Cazorla NP, Castillo de Cinco Esqinas
Cazorla seems to live on two things: olives and the National Park. The little town is full of tour agencies offering 4WD tours into the park. I would just walk... Beside that Cazorla's claim to fame is the only church in the world with a river underneath it. But the same river brought bad luck: Rock falls dammed the river that then flooded so badly that it destroyed the church and half the village. Bottom line is that the church was never finished but with a guided tour you can visit the ruins and the very impressive subterranean river channel.

Cazorla NP
The friendly lady in the tourist information then made me change my plans. I had intended to hike through to Alcala la Real but she told me so much about Spanish Christmas traditions that I decided to just hike half a day and spend Jan 5 in Quesada. The short hike passed through Cazorla National Park and I now discovered what beauty I had missed in the last three days because of rain and fog - I just had not been able to see the spectacular limestone cliffs.
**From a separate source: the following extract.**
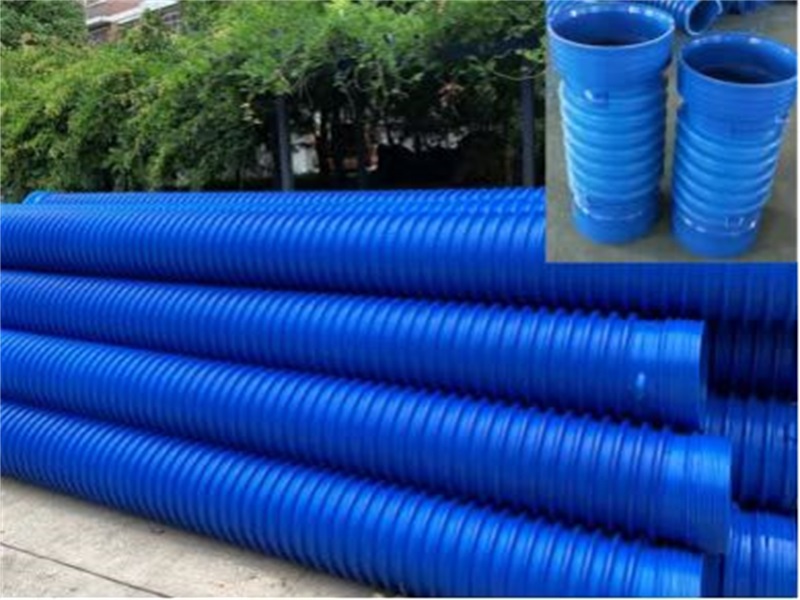 1653975577112713.jpg 4.jpg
There is only one hotel in Quesada and I had to pay more than usual for a room: 33 €.


Quesada by Zabaleta
I indulged in a hot bath before setting out to see Quesada's main attraction: the Zabaleta museum. Zabaleta is a 20th painter born in Quesada and I freely admit that I had never heard of him before - although he is considered one of the most important modern Spanish painters. The museum is huge considering the size of the village and plenty of paintings of Quesada itself were exhibited. I was the only visitor and the friendly receptionist told me more about this evening's events. In Spain it is not Santa Claus who brings the presents on Dec 24 but the Three Wise Men bring them on Jan 6. And this is celebrated by a street parade on the evening of Jan 5 in all Spanish cities and villages - my reason to stay in Quesada. The parade features the three kings, their servants and other Christmas participants throwing sweets at the spectators. The kids write letters with their Christmas wishes and hand them to the kings after the parade who then presumably bring them the next day.


Balthasar and I
The parade started at 7.30 pm and the participants were getting ready in the underground parking lot of the museum. And as a curious foreigner I was allowed to have a good look at them before the parade started. I even had a private meeting with one of the kings! Each year the parade was organised by a different village group, this year by the mediaeval motorcyclists. These is a bunch of motorcyclists who dress up in mediaeval clothes for whatever reason and like this they were also participating in the parade. The kings of course had a car and dozens of servants each. The local kids came prepared with plastic bags for all the hard candy that was thrown. It was fierce competition and I only managed to get two sweets - despite having been a good girl all year. The village band was playing Christmas songs that drove me away soon. I celebrated on my own with a menu del dia and vino casera in my hotel.

But now it is four days of straight hiking to Alcala la Real with a good weather forecast.